Мнений своих и оценок Толстой не навязывал в строгой, императивной, категоричной манере, но с поразительным упорством и последовательностью их излагал, повторял, пропагандировал, оказывая сильное давление, невольно вызывавшее сопротивление. Сергей Львович, почти не принимавший участия в семейной борьбе последних лет, ровно относившийся к отцу и матери и вообще не выказывавший никаких предпочтений, тем не менее писал о двух сторонах \медали: «Мы не только любили его; он занимал очень большое место в нашей жизни; и мы чувствовали, что он подавляет наши личности, так что иной раз хотелось вырваться из-под этого давления. В детстве это было бессознательное чувство, позднее оно стало сознательным, и тогда у меня и у моих братьев явился некоторый дух противоречия по отношению к отцу». Всё чаще и чаще раздавался ропот, который вызывал раздражение отца, не приветствовавшего многоголосие в семье. Он резко, насмешливо осуждал желание сына Сергея поступить на физико-математический факультет Московского университета, понося естественные науки и позитивизм. А когда по окончании института Сергей обратился к отцу за советом, чем ему лучше заняться, то получил обидевший и отдаливший от мировоззрения отца ответ: «Дела нечего искать, полезных дел на свете сколько угодно. Мести улицу — также полезное дело».

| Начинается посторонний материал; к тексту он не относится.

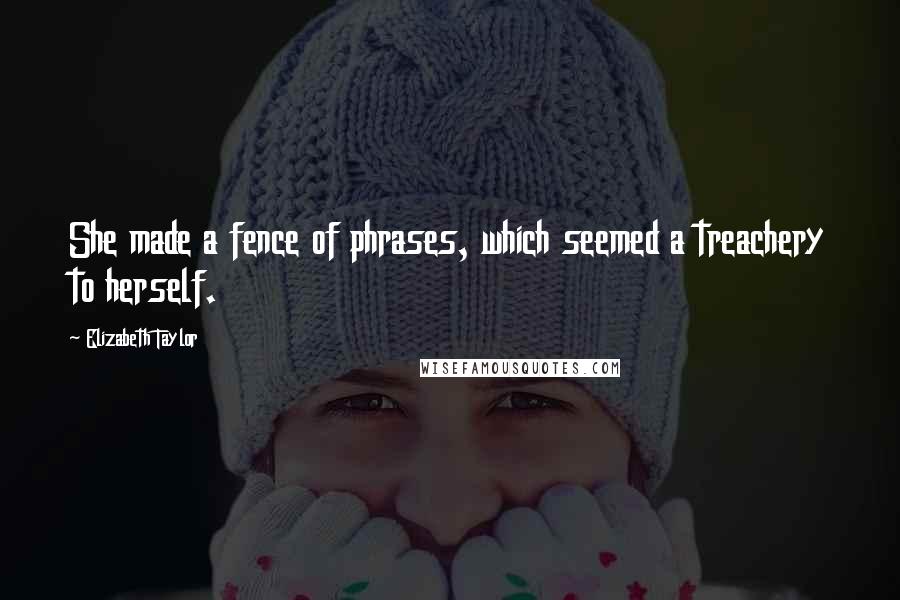 Elizabeth Taylor Quotes: She made a fence of phrases, which seemed a treachery to herself.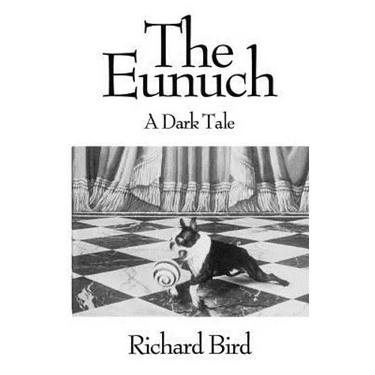 The Eunuch: A Dark Tale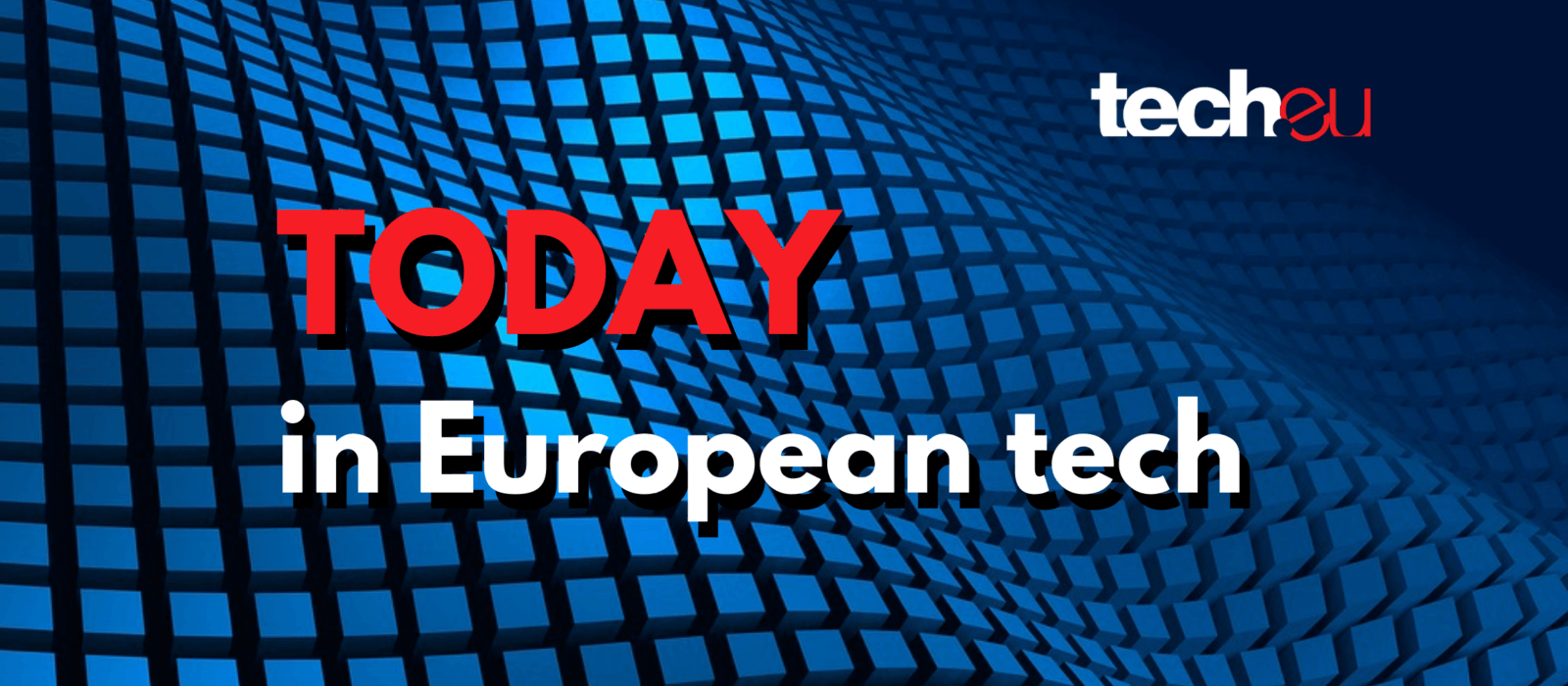 Today in European Tech: Taboola+Outbrain is off, four IPOs on the horizon, and other deals and stories that caught our eyes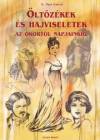 G. Nagy L�szl� - �lt�z�kek �s hajviseletek az �kort�l napjainkig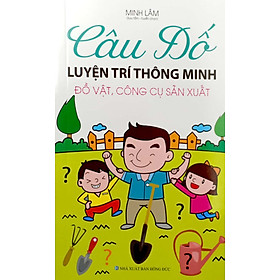 Câu Đố Luyện Trí Thông Minh - Đồ Vật, Công Cụ Sản Xuất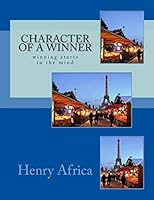 Character Of A Winner: winning starts in the mind 1494394499 Book Cover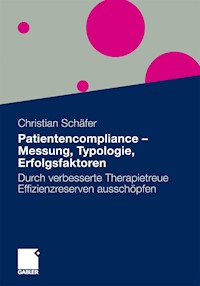 Patientencompliance - Messung, Typologie, Erfolgsfaktoren - MSc Christian Schäfer - E-Book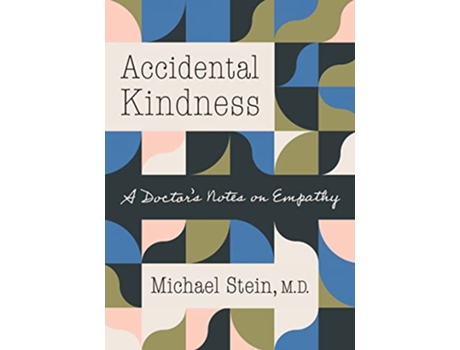 Livro Accidental Kindness de Michael Stein (Inglês)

Сергей Львович был замкнут, сдержан и застенчив. Сестры его любили за благородство, честность, независимость и доброту. Младшая сестра Александра писала о нем с любовью и состраданием: «Он был самый серьезный и трудолюбивый из всех братьев Толстых, жил своей обособленной жизнью, не примыкая ни к матери, ни к отцу, редко делился своими мыслями с семейными, тая всё в себе, и только когда Сергей садился за фортепьяно и часами играл своих любимых Шопена, Бетховена, Баха, Грига и пытался что-то сам сочинять, все невольно заслушивались… только роялю одному Сергей открывал свою душу: в звуках то бурно-страстных, то нежно-певучих чувствовались и грусть, и внутренняя борьба этого некрасивого, замкнутого в себе юноши». Самый строгий и надежный из всех сыновей Толстого, которого, по мнению Татьяны Львовны, он не оценил по заслугам.